Slim &save tell you to listen to your body, and that light to moderate aerobic exercise is ok

I don't do extra exercise per se, just what I'm used to. I'd say moderate but I don't go till I get exhausted. I have always found that it slows me down though, which I hate. But I went away and looked at a few pubmed articles whilst I was waiting for replies, and came across an interesting article Effects of adding exercise to a 16-w... [J Clin Endocrinol Metab. 2012] - PubMed - NCBI

I don't mind losing weight slower, if more is from fat. (All diets tend to lead to loss of *some* muscle mass). I think I'll stick to the 3 hours total in the study. They interestingly had more losses with the added exercise. Between that and other articles, I was interested to know that the vlcd had great benefits over normal diet/exercise, but for long term keeping it off, the people who did better were the ones who had stayed on the normal diet/exercise. I'll make sure I'm careful when switching to food again.
 
I started taking martial arts classes on week 5 of Cambridge. No way was I ready for it before that, but suddenly had this extra energy and wanted to use it for exercise (quite an alien feeling for me I can promise you!). I now train for 3-4 hours a week and feel awesome for it. On the days I exercise I have one extra shake, and find this makes all the difference for me (having had at least 2 occassions where I only had 3 shakes on training days and felt rotten!). My losses remain good and I have now lost 65lb in 12 weeks, I definitely seem to be toning from it, I am on a real high afterwards, and my inch loss is brilliant. More importantly, for me at least, I have found something that I enjoy doing and that I will continue to do once the diet is over to maintain my weight loss! The martial art that I do means that the higher up the belts you get, the more intense it will get, which I really hope helps me when I return to "normal" eating. It also helps that the club I train with have classes I could go to every night of the week if I wanted to :D
 
I've been berating myself for adding some protein (choices that still keep me in ketosis) on the night before I exercise in the morning and on the day of the exercise. Perhaps it's not such a bad idea based on what you've just said (although it is an extra 250 to 350 calories per day, roughly equating to what I work off at the gym!). That's great about the martial art and great that it will up in intensity as you move towards eating normally!
 
I've noticed that the weeks I go to the gym I lose more than the weeks I don't. However, I don't do a major workout and don't tend to spend more than an hour and a half there. In terms of building muscle you won't be able to do anything major on a VLCD because of the nature of it though I know some people have taken an extra protein shake or meal a day to help with building a bit.
 
I would suggest that strength exercise is fine - core and other - a bit of extra protein is also ok on thise days - but only if you can be disciplined about it and not let it slip into more... It's cardiovascular exercise which I would be wary about doing much of.

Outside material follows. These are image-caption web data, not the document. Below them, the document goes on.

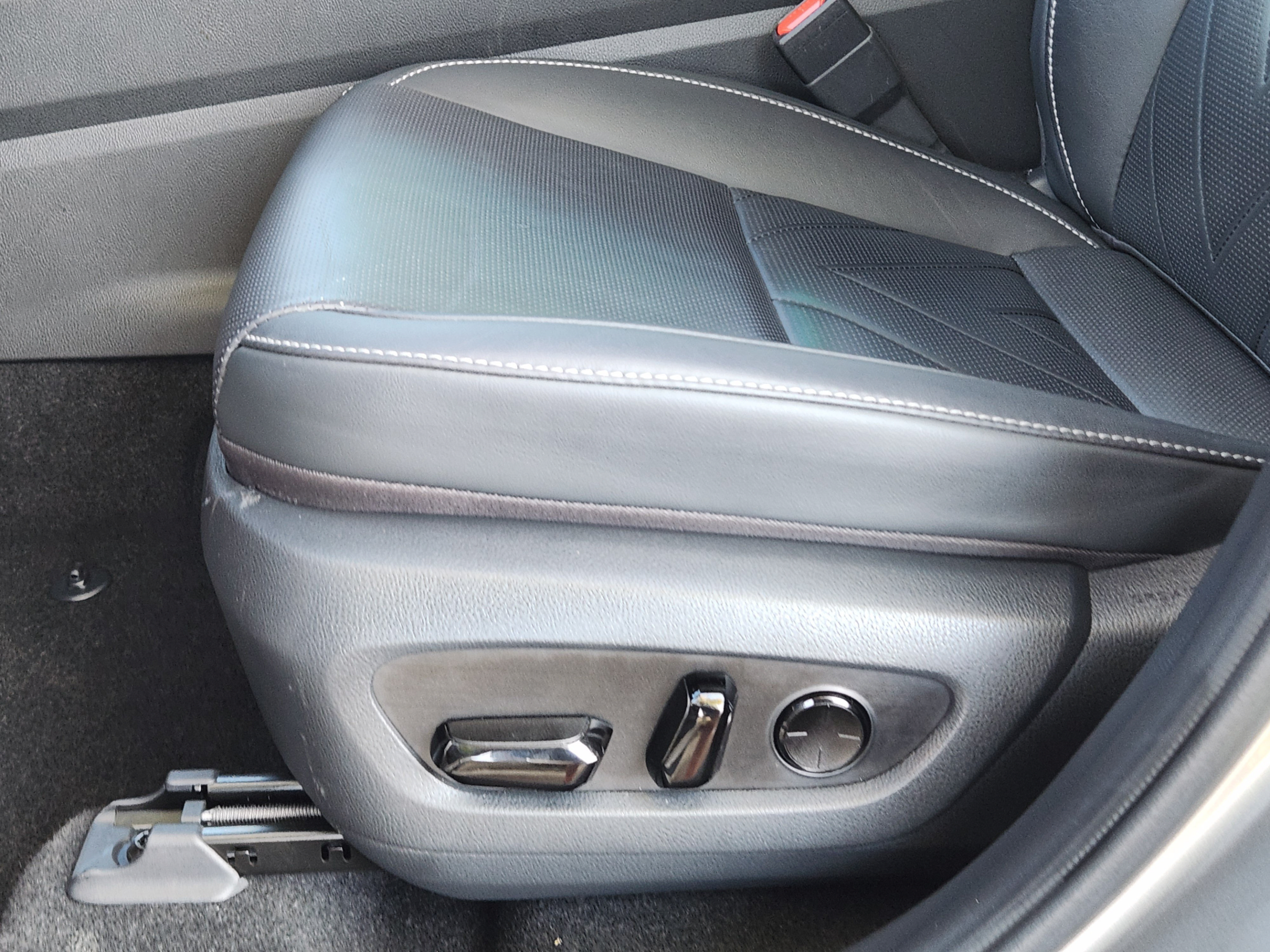 Used 2025 Lexus NX 450h+ AWD w/ Accessory Package (2T) image 20
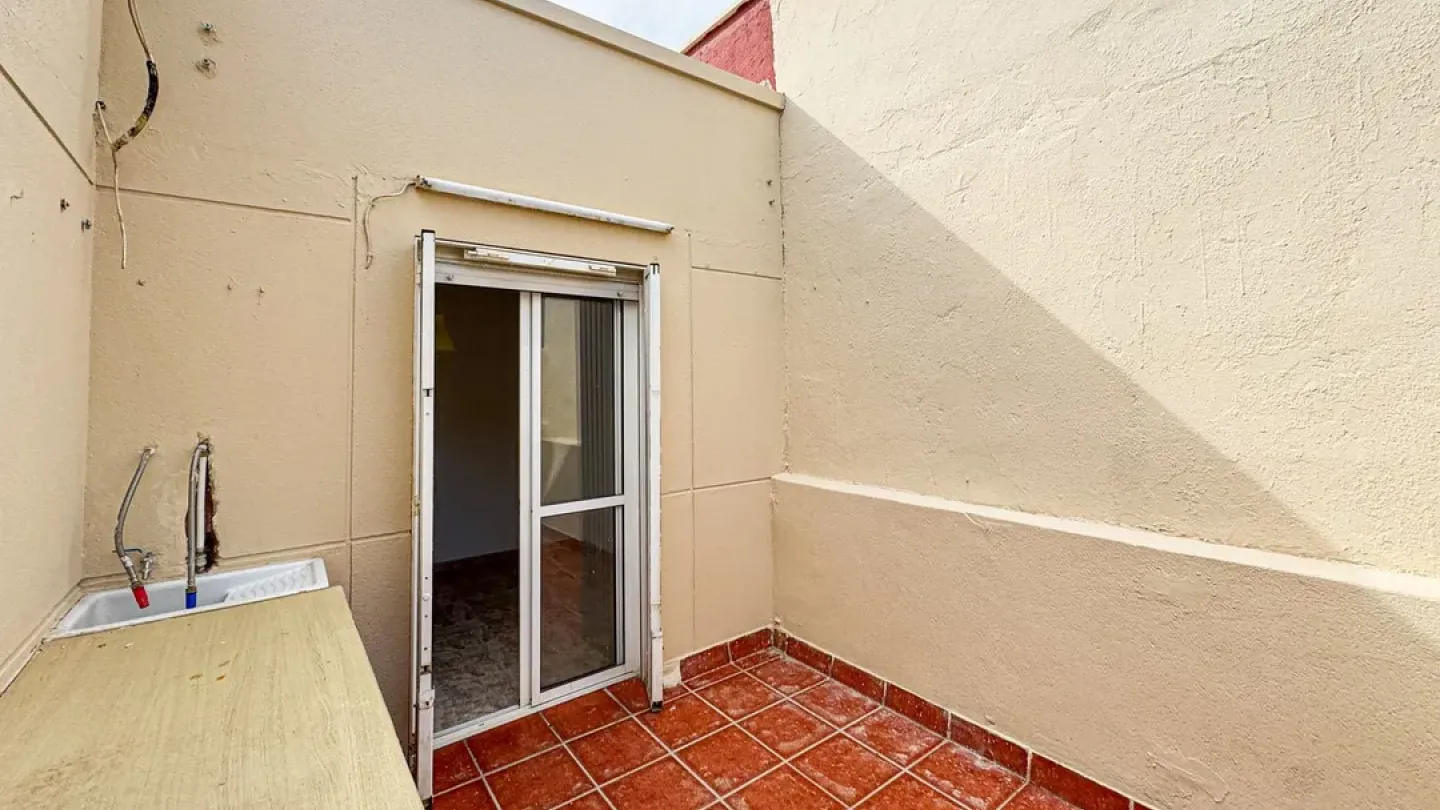 Spacious Duplex Apartment with Garage - Huércal de Almería - Image 2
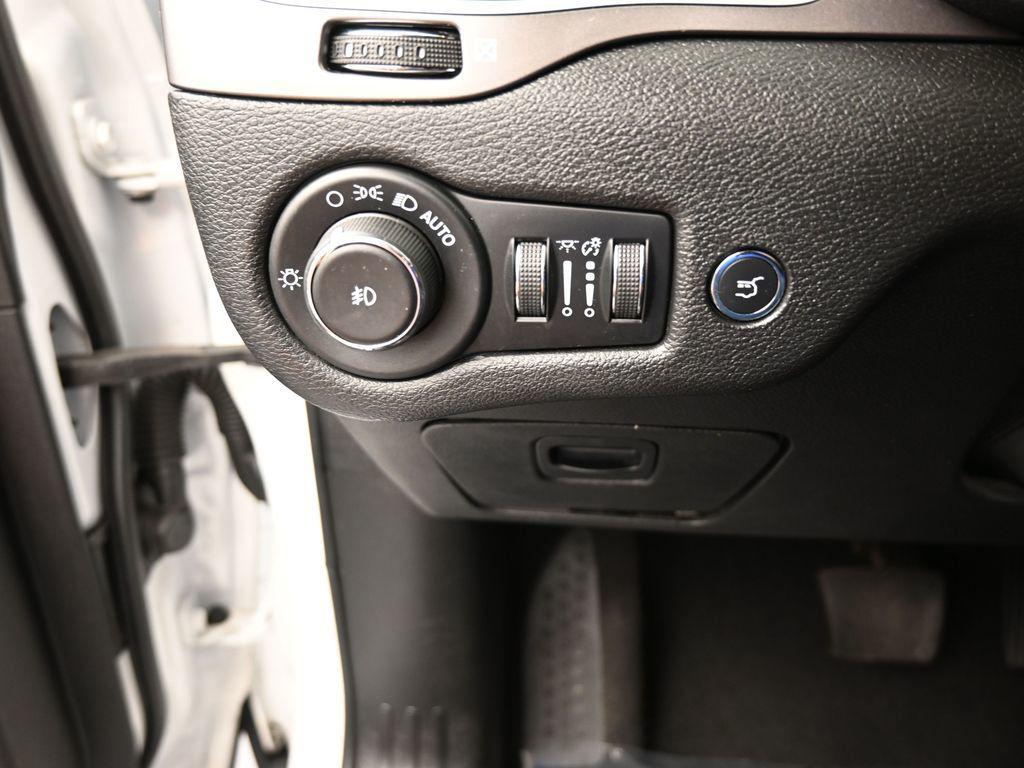 2021 Jeep Cherokee Latitude Lux - Photo 30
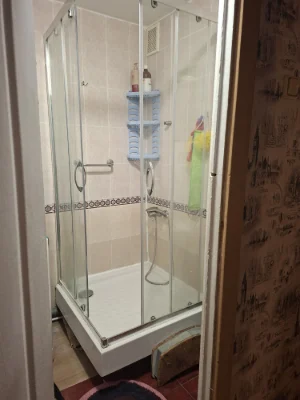 Urgent! For Sale: 3-bedroom apartment on Sokole, Czech Balkon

You might lose less weight when you exercise but you will be healthier at the end.

Personally I didn't exercise when on the plan. I didn't do any before I started and if I'd tried to introduce it at the same time as changing my eating habits I'd have probably given up. As it is I lost 9 stone, reached goal and then started exercising. I love my physical activity now! I'm off on an activity holiday in May (hiking/mountain biking/caving/canyoneering) and I can't wait! I reached goal last June and see the fact that I can happily go on an activity holiday almost 12 months later as a huge success.